The mysteries of life and the cosmos are too complex, even for science; so humility please in all endeavors

Back in 2008, Stuart Kauffman, the world-renown complexity scientist and biologist, published a very interesting book, Reinventing the Sacred: A New View of Science, Reason and Religion.  Most have probably heard about it or even read it.  I am not religious or belong to any faith tradition, but I found it very interesting science.

For me, what makes it an interesting read is that it is classic Kauffman.

What Makes Stuart Kauffman So Brilliant

For me, Kauffman is a brilliant (and highly unique) scientist and scholar because he is always able to take the next step, intellectually, into ideas that seem, at first, incredibly odd or strange or just downright impossible.  A little later, however, as the rest of us come along, and as time goes by, we come to realize that, you know what, minor issues aside, he has a pretty good idea---with "good idea" meaning that it has proven scientifically useful. Perhaps the best example of this point is Kauffman's ground-breaking notion that self-organization is the other half of the evolutionary coin.  The other example---and the focus of my current post---is his book, Inventing the Sacred.

Reinventing the Sacred

Here (from its back cover) is a quick summary of the book's central theme:
"Consider the complexity of a living cell after 3.8 billion years of evolution. Is it more awesome to suppose that a transcendent God fashioned the cell at a stroke, or to realize that it evolved with no Almighty Hand, but arose on its own in the changing biosphere?  In this bold and fresh look at science and religion, complexity theorist Stuart Kauffman argues that the qualities of divinity that we revere—creativity, meaning, purposeful action—are properties of the universe that can be investigated methodically. He offers stunning evidence for this idea in an abundance of fields, from cell biology to the philosophy of mind, and uses it to find common ground between belief systems often at odds with one another. A daring and ambitious argument for a new understanding of natural divinity, Reinventing the Sacred challenges readers both scientifically and philosophically."

So, What is My Point?

Sorry for the delay in making my point, but the setup was necessary.  Whether you agree with Kauffman or not, I think he is making a more general point.  Or, at least, that is my read.  As a backdrop argument, I think he is saying that arrogance in science or religion will get us nowhere; and fighting amongst ourselves over the power to be "right at the expense of all other views," be it in religion, science or anything in-between, is destructive.  As Foucault said, polemics (in contrast to debate) are useless.

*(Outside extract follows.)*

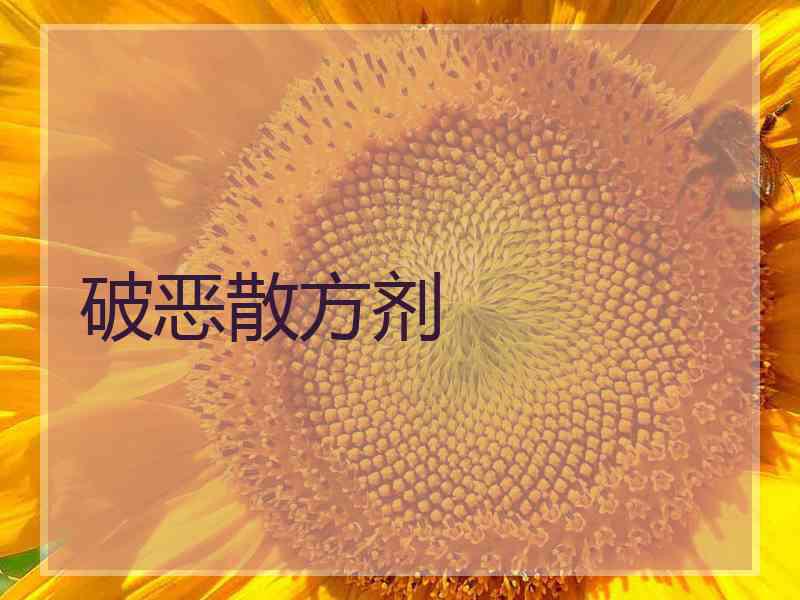 破恶散方剂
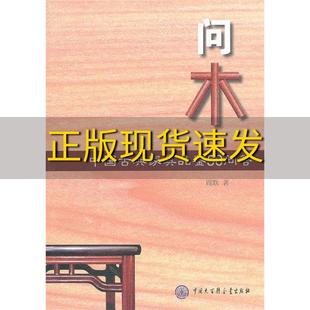 包邮 书 问木中国古典家具品鉴50问答周默中国大百科全书出版 正版 社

Case in point.  Over the past few months I have come across the following post (A review of Reinventing the Sacred) on at least a dozen or more occasion.  Best I can surmise, it was originally written by the British paleontologist, evolutionary biologist (and let us also not forget, Tolkienist), Henry Gee

While critical of Kauffman, Gee's point is my own--or maybe, my point is Gee's; that's probably better stated.  Actually, my point is Gee's point, which I also think is, as a backdrop, Kauffman's point.  It is a variation on what I just said above: C'mon folks, all those certain of their science or religion; drop the arrogance and show a bit more humility, please!  Kauffman may or may not be right.  So, let's debate the validity of his ideas, but drop the polemics.  Otherwise, you won't get invited to all the cool parties, as your such a 'debbie downer' conversation hog.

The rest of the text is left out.